Edmund Beaufort, duc de Somerset
Somerset, Edmund Beaufort, duc de Somerset : (1406 – 1455) Fils du comte Jean de Somerset, demi-frère d’Henry V et de Marguerite Holland. Il fut aussi le neveu de l’archevêque de Winchester. Il fut un des principaux chefs militaires de l’armée anglaise pendant la guerre de Cent Ans. Il devint conseiller du roi Henry VI et favori de la Reine d’Angleterre, Marguerite d’Anjou. Somerset fut responsable de la politique désastreuse en France. En Bretagne, il fut l’instigateur du sac de Fougères dont la conséquence fut la rupture de l’alliance entre les Montfort et les Lancastre. Avant d’obtenir le titre de duc, il fut connu sous le titre de comte et marquis de Dorset.
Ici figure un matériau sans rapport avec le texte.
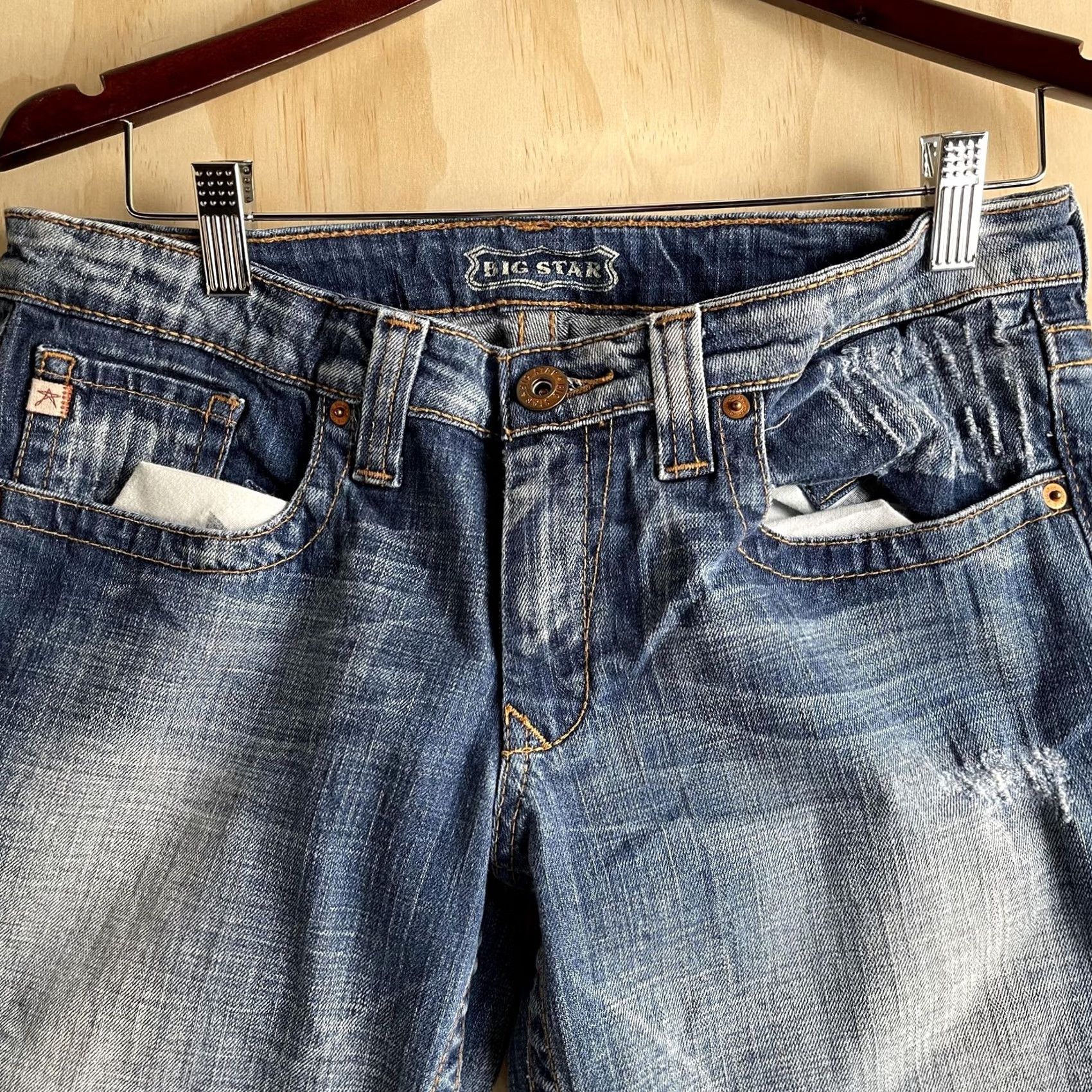 Vintage Big Star Casey Jeans Womens 31R Medium Wash Blue Cropped Distressed Embroidered Size 24" / US 00 / IT 34 - 2 Thumbnail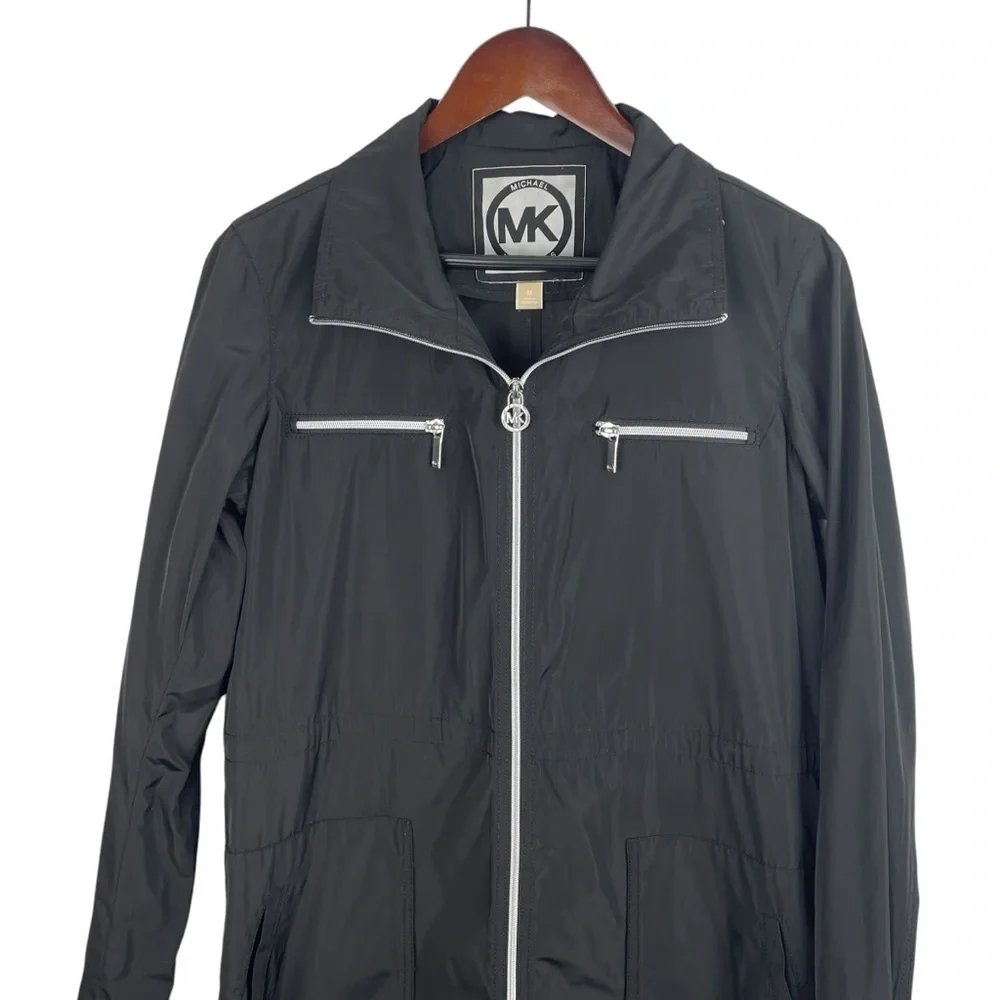 Michael Michael Kors | Black Long Line Windbreaker Zip Jacket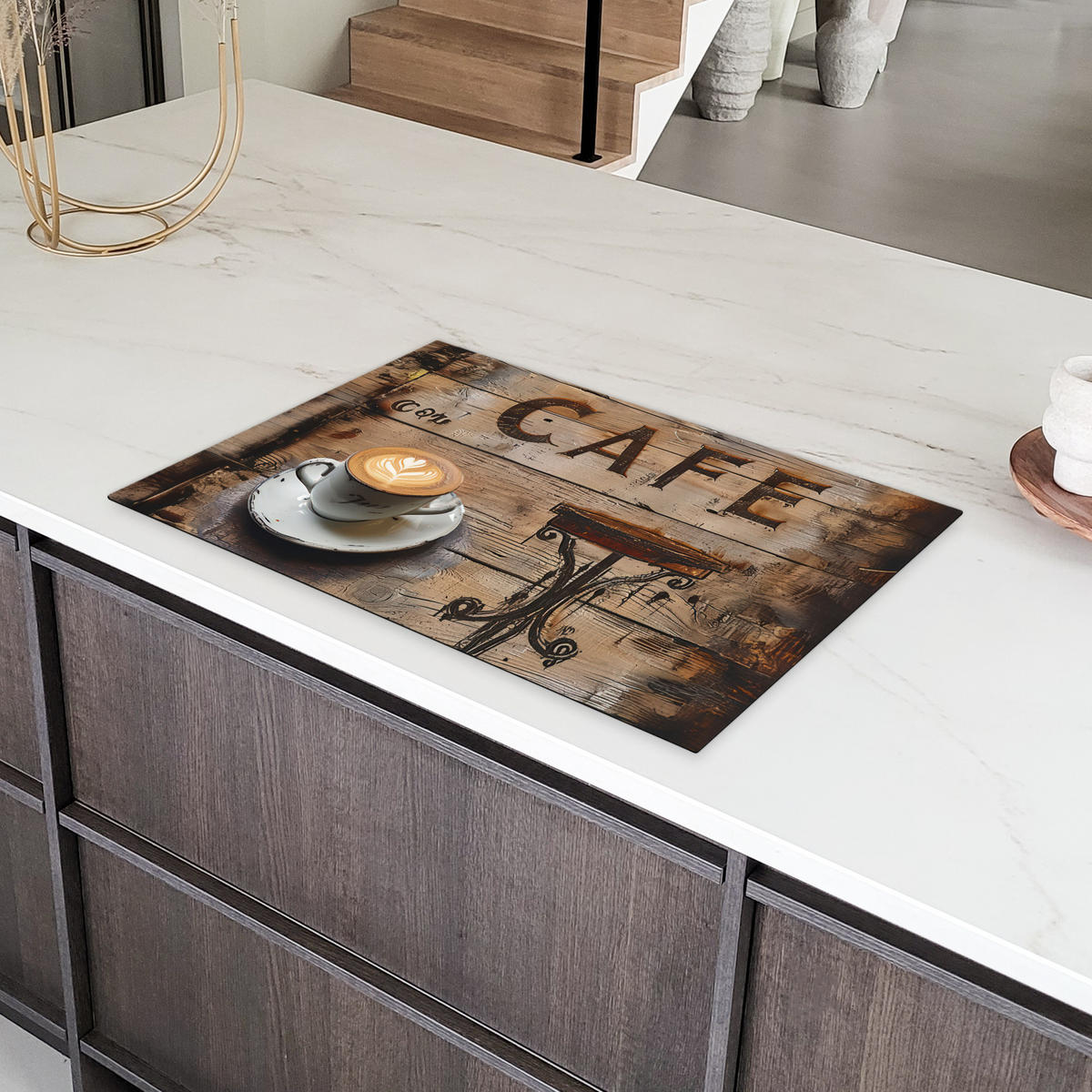 HERDABDECKPLATTE Cafe - Holz - Kaffee - Regale 81x52 cm - Schwarz, Kunststoff (81/0.2/52cm) - MuchoWow
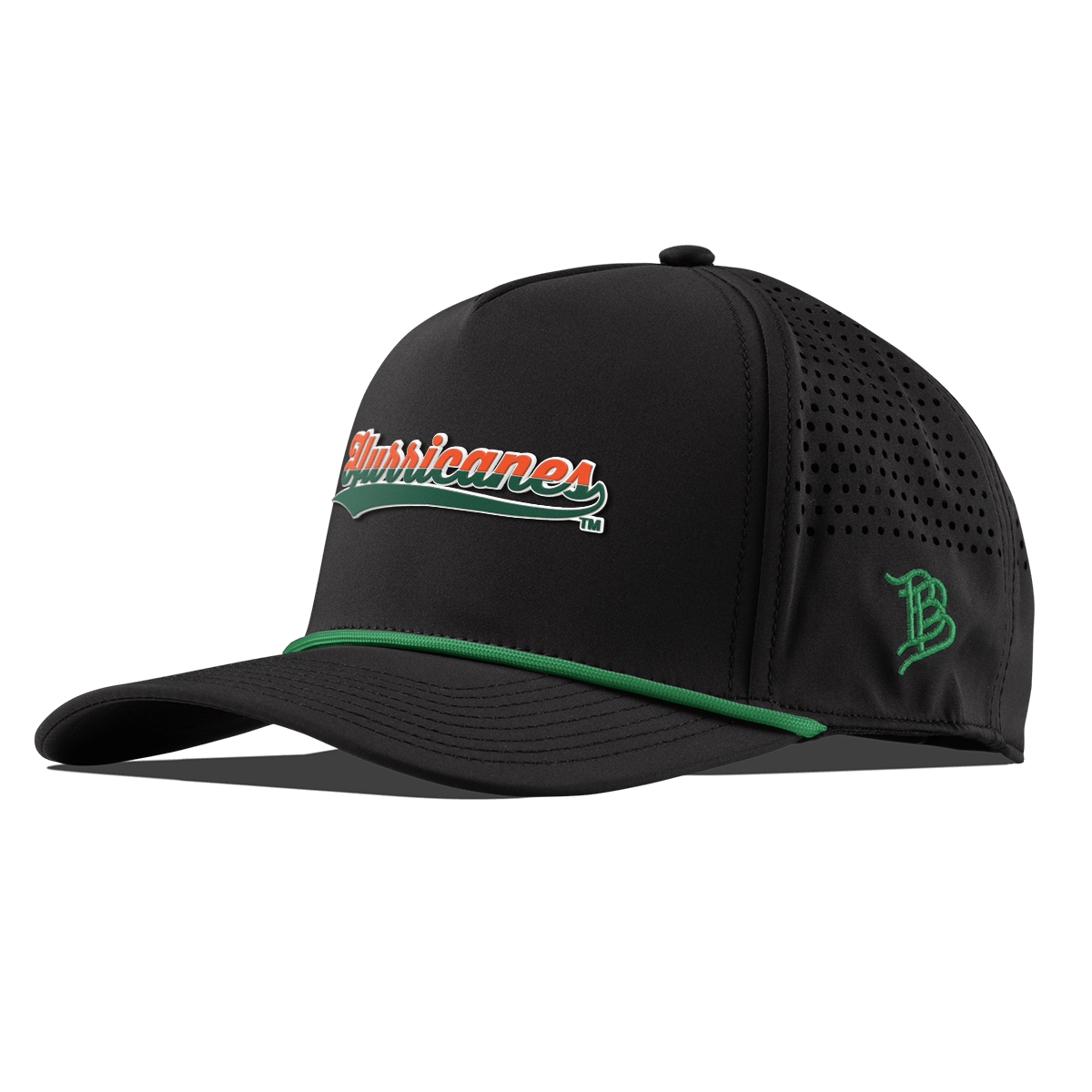 University of Miami "Hurricanes Script" Curved 5 Panel Rope Black + Kelly Green Rope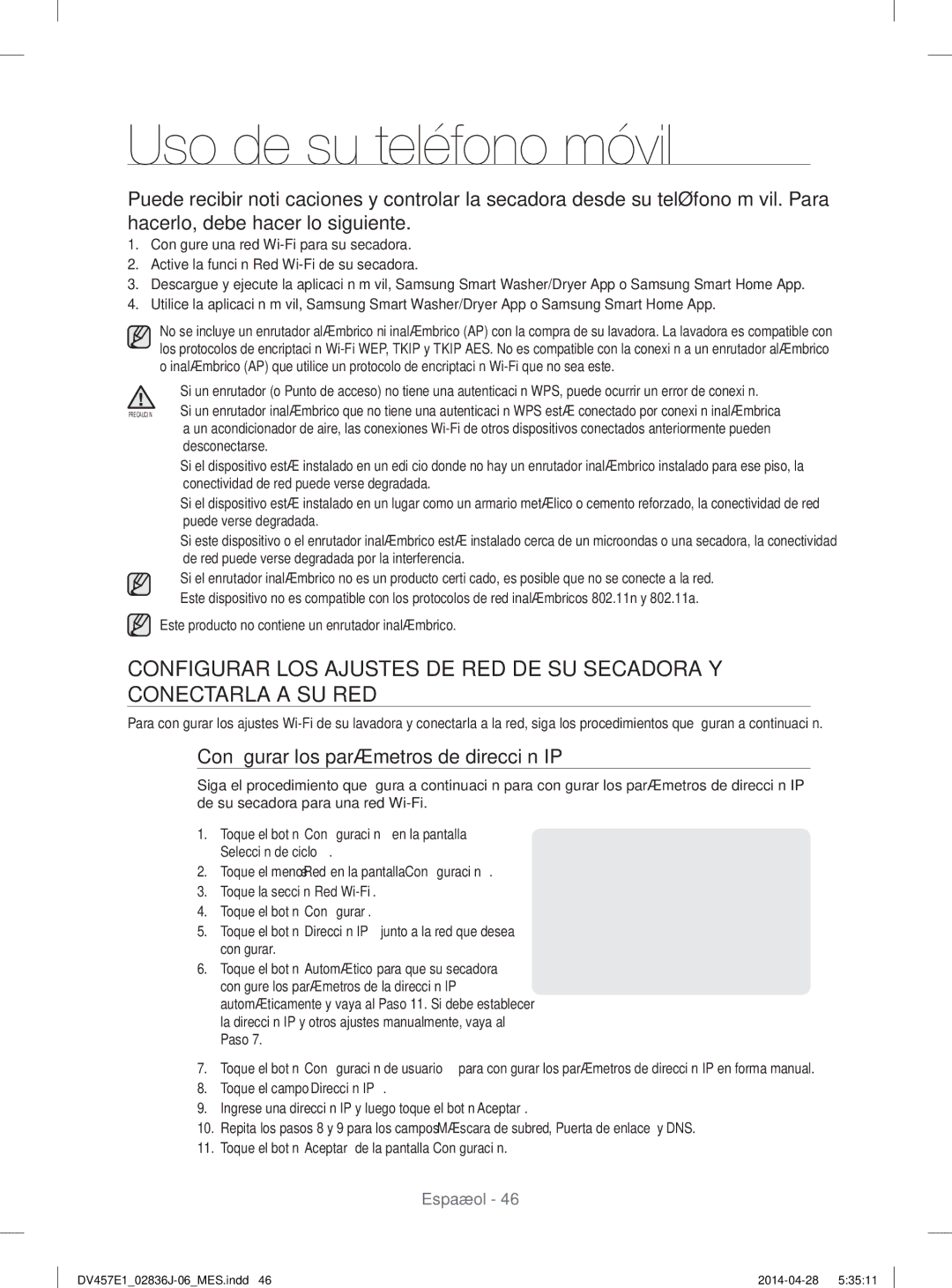 Samsung DV457EVGSGR/AA manual Uso de su teléfono móvil, Conﬁgurar los parámetros de dirección IP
Richard Neville, comte de Warwick
Warwick, Richard Neville, comte de Warwick : (1428 – 1471) surnommé le « faiseur de rois ». Noble très puissant, il soutint d’abord Henry VI, puis il changea de camp pendant la Guerre des Roses et prit le parti de Richard d’York. Il participa activement au renversement d’Henry VI et à l’intronisation d’Edward IV, fils du duc d’York. Ses relations avec le nouveau roi se dégradèrent progressivement, ce qui le poussa à un revirement dans sa loyauté. Il aida Henry IV et Marguerite d’Anjou à recouvrer le trône d’Angleterre en 1470. Ce fut une victoire de courte durée puisqu’il fut vaincu et tué à la bataille de Barnet en 1471.